Need help extracting info from XML file using XML package

9 messages · Don MacQueen, David Winsemius, Romain Francois +2 more

#
I have an XML file that has within it the coordinates of some 
polygons that I would like to extract and use in R. The polygons are 
nested rather deeply. For example, I found by trial and error that I 
can extract the coordinates of one of them using functions from the 
XML package:

   doc <- xmlInternalTreeParse('doc.kml')
   docroot <- xmlRoot(doc)
   pgon <-    xmlValue(docroot[[52]][[3]][[7]][[3]][[3]][[1]][[1]])

but this is hardly general!

I'm hoping there is some relatively straightforward way to use 
functions from the XML package to recursively descend the structure 
and return the text strings representing the polygons into, say, a 
list with as many elements as there are polygons. I've been looking 
at several XML documentation files downloaded from 
http://www.omegahat.org/RSXML/ , but since my understanding of XML is 
weak at best, I'm having trouble.  I can deal with converting the 
text strings to an R object suitable for plotting etc.

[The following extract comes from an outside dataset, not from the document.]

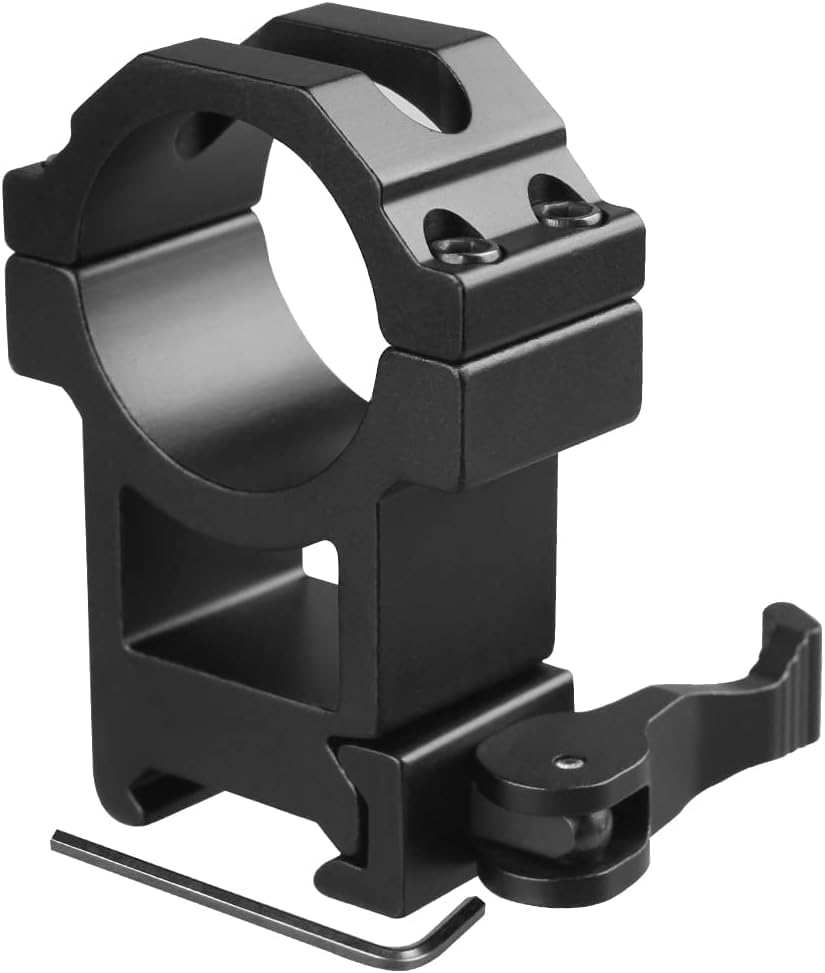 KEENZO Scope Ring Mount, High Profile 30mm Quick Release Rifle Scope Ring, Quick Release Scope Mount Ring for 20mm Rail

Here's a look at the structure of this file

graphics[5]% grep Polygon doc.kml
         <Polygon id="15342">
         </Polygon>
         <Polygon id="1073">
         </Polygon>
         <Polygon id="16508">
         </Polygon>
         <Polygon id="18665">
         </Polygon>
         <Polygon id="32903">
         </Polygon>
         <Polygon id="5232">
         </Polygon>

And each of the <Polygon> </Polygon> pairs has <coordinates> as per 
this example:


	<Polygon id="15342">
		<outerBoundaryIs>
			<LinearRing id="11467">
				<coordinates>
-23.679835352296,30.263840290388,5.000000000000001
-23.68138782285701,30.264740875186,5.000000000000001
    [snip]
-23.679835352296,30.263840290388,5.000000000000001
-23.679835352296,30.263840290388,5.000000000000001 </coordinates>
			</LinearRing>
		</outerBoundaryIs>
	</Polygon>


Thanks!
-Don


p.s.
There is a lot of other stuff in this file, i.e, some points, and 
attributes of the points such as color, as well as a legend 
describing what the polygons mean, but I can get by without all that 
stuff, at least for now.

Note also that readOGR() would in principle work, but the underlying 
OGR libraries have some limitations that this file exceeds. Per info 
at http://www.gdal.org/ogr/drv_kml.html.
#
A bit over a year ago I got useful advice from Gabor Grothendieck and  
Duncan Temple Lang in this thread:

http://finzi.psych.upenn.edu/R/Rhelp02/archive/117140.html

If the coordinates are nested deeply, then it probably safer to search  
for a specific tag or tags that are just above them . You probably  
want to search for the "LinearRing" tag and then store the coordinates  
along with its "id". Perhaps some of my mistakes can be avoided as you  
work on your methods.
#
Don MacQueen wrote:
try

    lapply(
       xpathSApply(doc, '//Polygon',
          xpathSApply, '//coordinates', function(node)
              strsplit(xmlValue(node), split=',|\\s+')),
       as.numeric)

which should find all polygon nodes, extract the coordinates node for
each polygon separately, split the coordinates string by comma and
convert to a numeric vector, and then report a list of such vectors, one
vector per polygon.

i've tried it on some dummy data made up from your example below.  the
xpath patterns may need to be adjusted, depending on the actual
structure of your xml file, as may the strsplit pattern.

vQ
#
Hi,

You also might want to check R4X:

# install.packages("R4X", repos="http://R-Forge.R-project.org")
require( "R4X" )
x <- xml("http://code.google.com/apis/kml/documentation/KML_Samples.kml")
coords <- x["////Polygon///coordinates/#" ]
data <- sapply( strsplit( coords, "(,|\\s+)" ), as.numeric )

Romain
#
Romain Francois wrote:
With a bit more formatting :

# install.packages("R4X", repos="http://R-Forge.R-project.org")
require( "R4X" )
x <- xml("http://code.google.com/apis/kml/documentation/KML_Samples.kml")
coords <- x["////Polygon///coordinates/#" ]
data <- lapply( strsplit( coords, "(,|\\s+)" ), function(.){
  out <- matrix( as.numeric(.), ncol = 3, byrow = TRUE )
  colnames( out ) <- c("longitude", "lattitude", "altitude" )
  out
})
names( data ) <- x["//Placemark/name/#" ]

Romain
#
Wacek Kusnierczyk wrote:
Just for the record, I the xpath expression in the
second xpathSApply would need to be
    ".//coordinates"
to start searching from the previously matched Polygon node.
Otherwise, the search starts from the top of the document again.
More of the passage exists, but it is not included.